*BRIEF*. From the line containing "SPINOUS PROCESS FUSION" through the last line of the entries below, transcribe each line exactly, excluding any picture.

.....

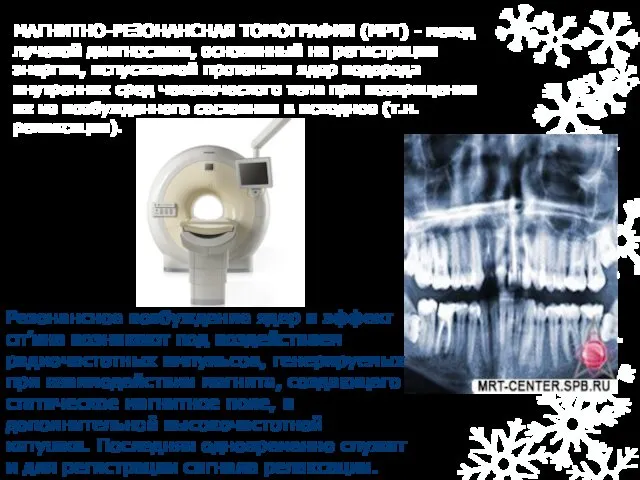 МАГНИТНО-РЕЗОНАНСНАЯ ТОМОГРАФИЯ (МРТ) - метод лучевой диагностики, основанный на регистрации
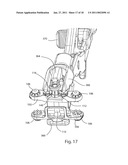 SPINOUS PROCESS FUSION IMPLANTS diagram and image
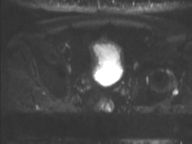 Adenocarcioma of rectum- T1 lesion (Radiopaedia 36921-38546 Axial DWI 16).png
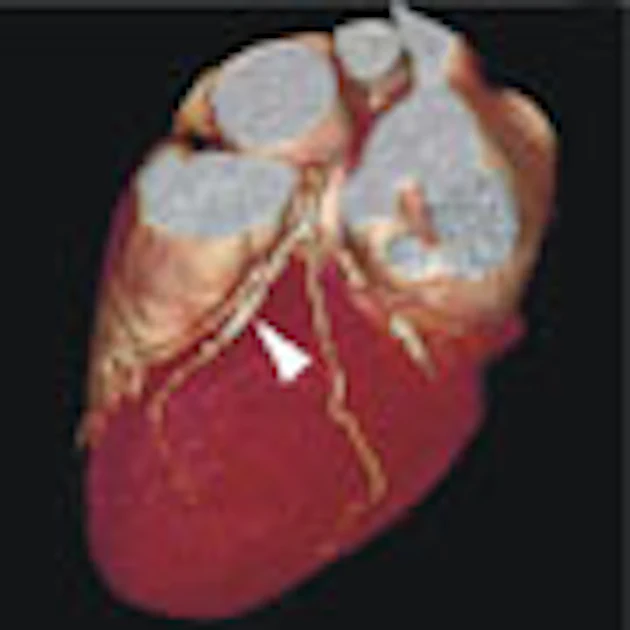 Chestrad Dual-source CT edges into cardiac SPECT turf | AuntMinnieEurope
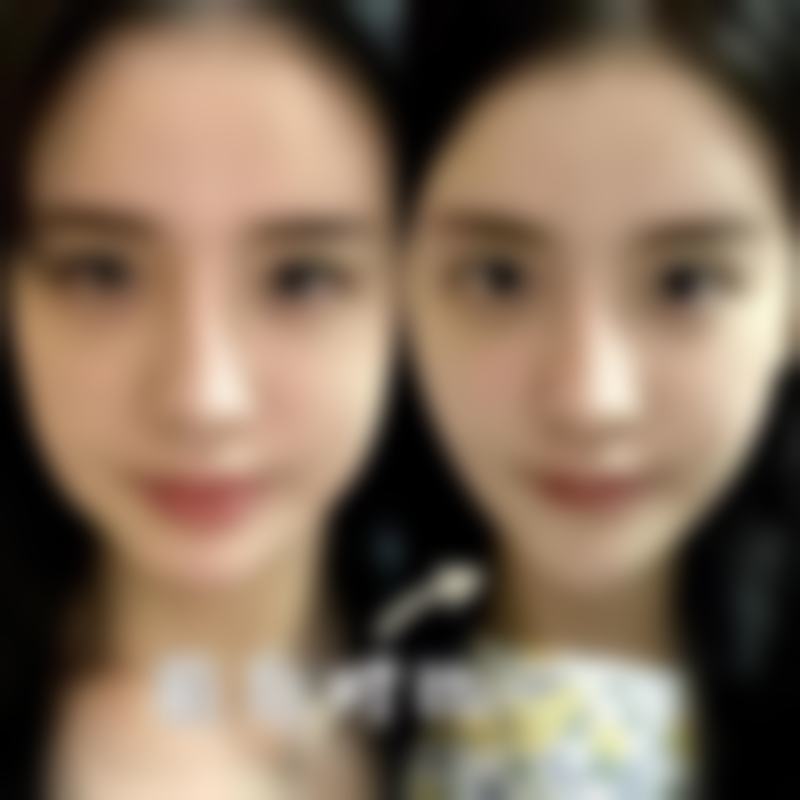 四、双眼皮鼻子拆线后碰水后的护理步骤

.....

*ANSWER SPACE*.
 SPINOUS PROCESS FUSION IMPLANTS diagram and image
 Adenocarcioma of rectum- T1 lesion (Radiopaedia 36921-38546 Axial DWI 16).png
 Chestrad Dual-source CT edges into cardiac SPECT turf | AuntMinnieEurope
 四、双眼皮鼻子拆线后碰水后的护理步骤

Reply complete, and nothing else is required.